Este giro na América Latina, incluindo três datas no Brasil, faz parte da comemoração dos 40 anos de lançamento do clássico absoluto “Heavy Metal Maniac” e, foi com “Stand Up and Fight”, primeira do álbum, que eles abriram o show de forma feroz e com os pés nas portas. O destaque imediato foi o guitarrista Daniel Dekay, executando perfeitamente e com respeito toda a originalidade do grupo. Substituindo o guitarrista original, John Ricci, Dekay tem uma pegada mais forte e técnica, mas sem firulas e macaquices. A faixa homônima chegou como um esmeril cortante e afiado para colocar o local abaixo.

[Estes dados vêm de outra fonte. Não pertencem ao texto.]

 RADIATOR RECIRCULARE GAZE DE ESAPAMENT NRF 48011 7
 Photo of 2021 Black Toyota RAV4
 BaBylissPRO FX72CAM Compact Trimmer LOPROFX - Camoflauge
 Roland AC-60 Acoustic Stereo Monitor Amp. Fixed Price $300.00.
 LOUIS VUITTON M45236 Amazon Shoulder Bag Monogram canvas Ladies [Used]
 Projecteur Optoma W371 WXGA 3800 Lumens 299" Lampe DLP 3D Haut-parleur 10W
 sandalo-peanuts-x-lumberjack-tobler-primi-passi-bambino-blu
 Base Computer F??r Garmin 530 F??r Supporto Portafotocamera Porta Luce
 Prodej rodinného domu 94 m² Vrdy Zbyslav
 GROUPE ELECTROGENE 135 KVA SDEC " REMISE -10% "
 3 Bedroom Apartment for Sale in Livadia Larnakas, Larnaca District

Deram um salto logo para “Break Down the Walls”, de “Unveiling the Wicked”, uma canção alta e cheia de levadas quebradas, mostrou que o baterista e vocalista Dan Beehler está em grande forma no alto de seus 61 anos de idade. Suas linhas vocais bem particulares sempre funcionaram com o tipo de speed metal que eles praticam, dando um diferencial exclusivo não apenas por ocupar dois postos dificílimos de conciliar com tanta precisão e, sobretudo, ter carisma para entreter mesmo “parado” no mesmo lugar.

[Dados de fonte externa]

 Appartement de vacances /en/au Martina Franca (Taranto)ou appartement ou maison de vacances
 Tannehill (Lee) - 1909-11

Voltam ao debut com a pesada e cadenciada “Iron Dogs” e do também clássico “Violence & Force”, mandam ver na empolgante “Evil Sinner”, que tem uma bela passagem melódica que emociona qualquer um. O curioso é que “vendendo” a tour de comemoração do “Heavy Metal Maniac”, ficamos apenas nas três músicas citadas. Confesso que gostaria muito de ouvir a enigmática “Black Witch”, mas por ser um som mais épico, certamente iria quebrar o clima de violência e insanidade que rolava por todo o ambiente. “Pounding Metal” solta dos falantes para todos cerrarem os punhos para o alto e parece nos transportar numa espécie de túnel do tempo atemporal. Como citei antes no início da resenha, o encontro de gerações reflete esse vórtice de culto à música pesada que permanece na vanguarda nos subterrâneos barulhentos ao longo dos anos. Momento para o velho Beehler respirar um pouquinho e aquele famigerado solo de guitarra para encher linguiça, mas nada tão chato, diga-se.
Estamos caminhando para o final apocalíptico, mas preciso destacar o corretíssimo baixista Allan Johnson, três anos mais velho que seu companheiro de banda desde o início dos anos 80, o cara também está com o vigor total, tocando forte e alto, além de fazer os backing-vocals e bastante animado com a audiência, manteve a linha de frente ao lado de Dekay movimentada e dinâmica. E se tudo já estava entregue ao belo caos, o tornado de couro e rebites com “Beyond the Gates of Doom”, “Violence & Force” e a matadora “Long Live the Loud” impactou a todos, brindando mais uma manifestação genuína de Metal Pesado como nos bons tempos. O ar já não existia mais e ao deixar a parte interna do show, ainda se ouvia “Iron Fist” encerrando essa noite desumana, no bom sentido. Este encontro de gerações reflete esse vórtice de culto à música pesada que permanece na vanguarda nos subterrâneos barulhentos ao longo dos anos.
Fim do evento, mas não do rolê. Muitos bangers ficaram para curtir e deixar um lembrete vívido da resiliência e da unidade que o heavy metal inspira, unindo aqueles que estavam nos shows com os que extrapolaram o esquenta. Apesar das limitações da casa, considerando o grande público presente, a paixão dos fãs e o profissionalismo das bandas e da equipe técnica brilharam intensamente, criando essa atmosfera única já recorrente nos últimos eventos que estamos cobrindo.